C: Survival Plot by Adherence from General Hospital, Udi.
Figure 1: Survival Plots for the characteristics under study
The plot suggests that there is a trend toward different survival probabilities based on functional status. The group with the highest survival probability appears to be those who are walking, followed by ambulatory, and then bedridden patients. Also the bedridden group shows the steepest decline in survival probability, indicating a poorer prognosis compared to the other groups.
This Kaplan-Meier plot demonstrates that there is no significant difference as indicated by the overlapping survival curves and the high p-value of 0.98. This suggests that TB co-infection does not impact survival outcomes in this dataset
The plot showed an observed trend where adherent patients have better survival probabilities than non-adherent patients, suggesting that adherence to treatment may be beneficial for patient outcomes.
This bar chart in figure 2 demonstrates that the study’s patient population is equally distributed across three functional statuses: Ambulatory, Bedridden, and Walking. Each group consists of roughly 330 individuals, indicating a balanced design in the dataset. This balance is advantageous for analyzing how different functional statuses might influence outcomes, as seen in the Kaplan-Meier survival analysis provided earlier.

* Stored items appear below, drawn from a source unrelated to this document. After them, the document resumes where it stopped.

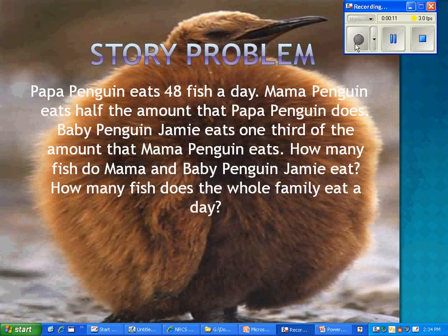Story Problem. Papa Penguin eats 48 fish a day. Mama Penguin eats half the amount that Papa Penguin does. Baby Penguin Jamie eats one-third of the amount that Mama Penguin eats. How many fish do Mama and Baby Penguin Jamie eat? How many fish does the whole family eat a day?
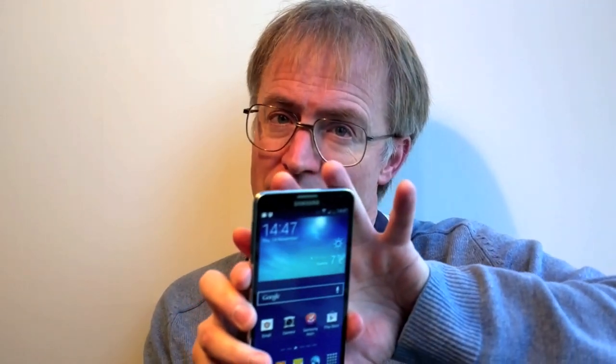Even assuming you're happy with this investment, do take a look at the Note 2 first at half the price point — it's got 98% of the functionality and the hardware is even better in some ways, as mentioned. In the meantime, this is kind of Samsung's flagship at the moment: the Galaxy Note 3.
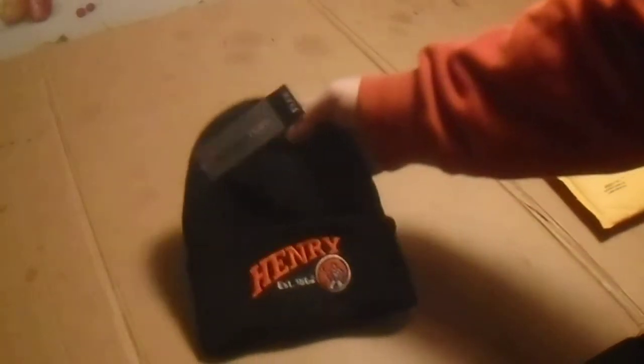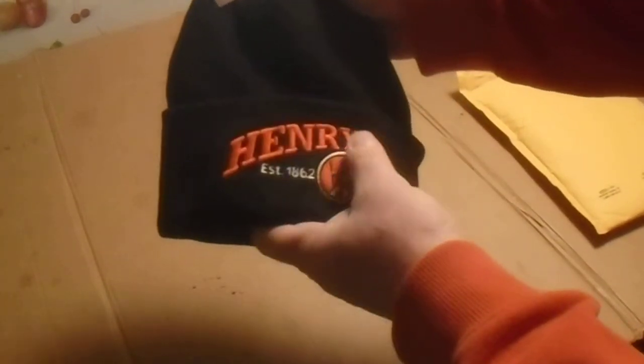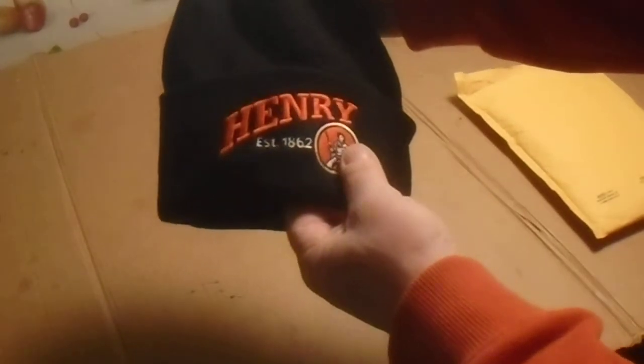I got a Henry hat — it's a heavy hat. It's embroidered. It has Henry, it says established 1862 with a little Henry logo. This is nice embroidery, really heavy.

The bar chart illustrates that the majority of the patients is not co-infected with TB, with only minority having a TB co-infection. This difference in group sizes can impact the statistical power and reliability of any analyses comparing these groups, as demonstrated by the Kaplan-Meier plot where no statistically significant difference was found.
The bar chart provides a clear visual representation of the distribution of adherence status within the study population, highlighting the disparity between the two groups. This imbalance has significant implications for the interpretation of the Kaplan-Meier survival curves as seen in the charts.
SUMMARY AND CONCLUSION
Neither sex nor age showed a significant impact on HIV-related mortality. This indicates that these demographic factors alone do not strongly influence survival outcomes in this cohort. Geographical location Ezeagu indicates higher risk of mortality. It emphasized the need for localized public health strategies. Continuous monitoring and tailored interventions based on local needs can help address specific challenges. Maintaining mobility and activity is crucial. Those who are bedridden face significantly higher risks, necessitating interventions to improve functional capabilities. Immune Function (CD4 Count) also did not significantly affect mortality. While CD4 count is typically an important marker of immune function in HIV patients, its lack of significant effect in this study could be due to effective treatment regimens and healthcare interventions. This insignificant result TB Co-infections might suggest effective management of co-infected patients, potentially due to integrated care programs for HIV and tuberculosis. Employment status does not significantly affect mortality. It may be as a result of positive effect of governmental and non-governmental interventions on easy accessibility of antiretroviral therapy. Poor adherence is not significant, emphasizes the need for more investigation on patients’ drug adherence.
Future research should focus on longitudinal studies and the integration of additional variables, such as genetic factors and lifestyle behaviors, to further refine our understanding of HIV epidemiology.